Meir Statman of Santa Clara University is a Professor of Finance whose research focuses on behavioural studies.
Despite being a proponent of behavioural finance he believes that ordinary investors cannot get a better risk-adjusted return than they can in low-cost index funds!
Being a behavioural finance proponent he does not believe that markets are efficient-but that does not mean people should not Index, his brief explanation is as under,
Q: You pound the drum for index funds. Is that because you think the markets are efficient and therefore unbeatable over the long-term?
A: The market is not efficient. It's crazy, but the fact that it's crazy doesn't make you a psychiatrist. It's crazy like a wild animal. You wouldn't want to go against a wild lion because it's crazy. It's crazy in ways you cannot understand and cannot forecast.

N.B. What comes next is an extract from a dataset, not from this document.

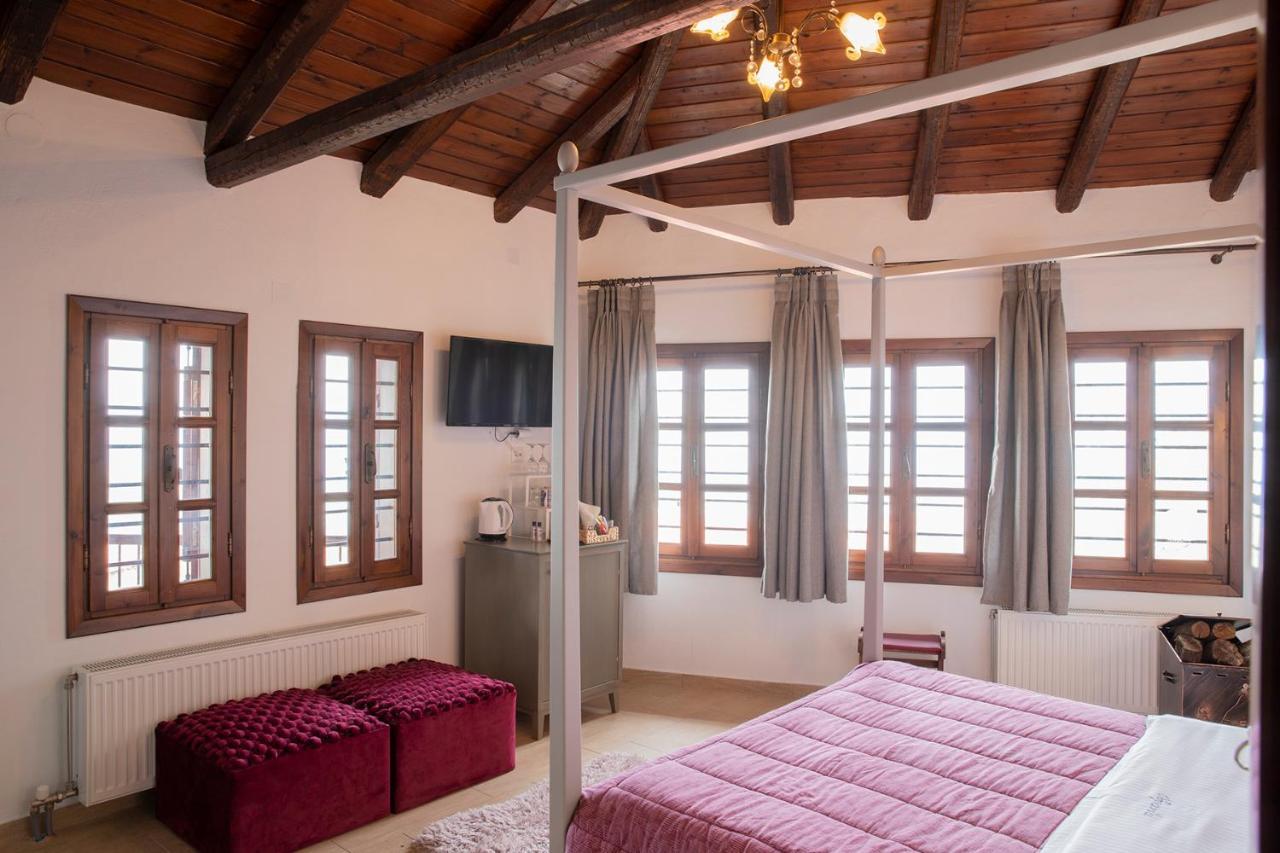 Guesthouse Ourania パライオス・パンテレイモン エクステリア 写真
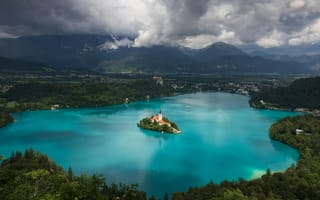 Картинка озеро, природа, горы, остров, пейзаж, облака, синий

People in behavioral finance and standard finance come to the same conclusion - don't try to beat the market. Whether it is rational, as people in standard finance say, or crazy, as I say, don't try it.

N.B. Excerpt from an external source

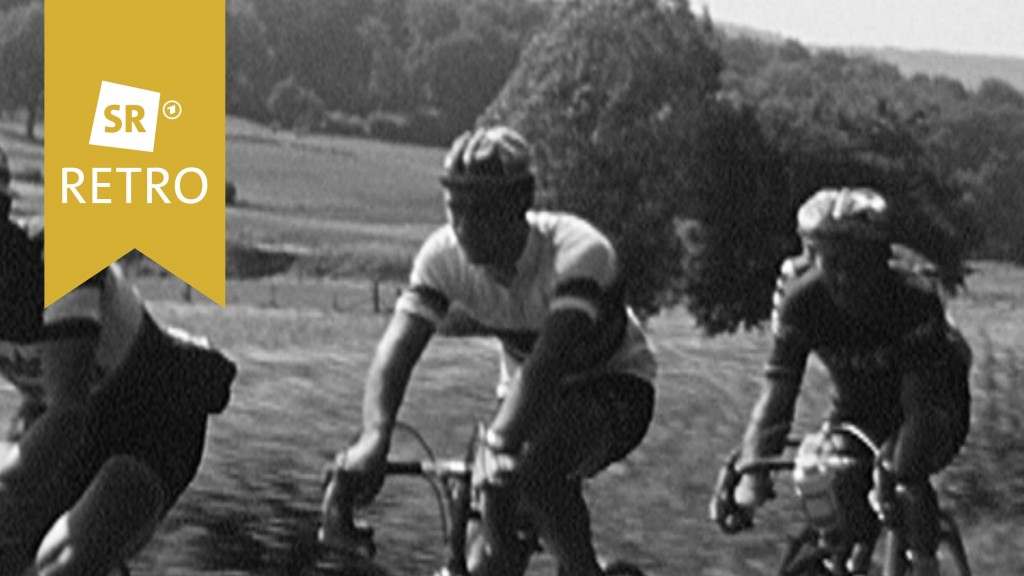 Mehrere Radfahrer im Rennen, schwarz-weiß Bild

Practically speaking, individual investors should treat the market as unbeatable and realize that when they try to beat it because it is inefficient, they are likely to injure themselves, rather than gain at the expense of another.
Can professionals beat the market? His answer,
Q: Do you think pros can beat the market?

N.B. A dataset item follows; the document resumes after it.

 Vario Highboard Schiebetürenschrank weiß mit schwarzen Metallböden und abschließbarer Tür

A: Yes, they can. But it's still a zero-sum game. If some people win, it means that some people lose relative to what they can get by being in an index fund.
My interpretation of the above for Indian investors / advisors,
· Indian markets are competitive because they comprise of a large number of professional investors who are all attempting to generate alpha, a brief list includes: MF, PMS, insurance, treasury, FII and hedge fund managers, stock pickers, analysts both fundamental and technical and so on and so forth.
· The constant analysis and activity of the above ensures that Mr Market knows more than individuals and hence it is difficult for individuals to beat it (outguess the market) consistently.
· Therefore, ‘beating the market’ is a) more of a random outcome b) it is known in hindsight and c) past data is of little predictive value going forward.
· I am tempted to repeat Meir Statman’s sage advice for Indian investors: People in behavioral finance and standard finance come to the same conclusion - don't try to beat the market. Whether it is rational, as people in standard finance say, or crazy, as I say, don't try it. Practically speaking, individual investors should treat the market as unbeatable...!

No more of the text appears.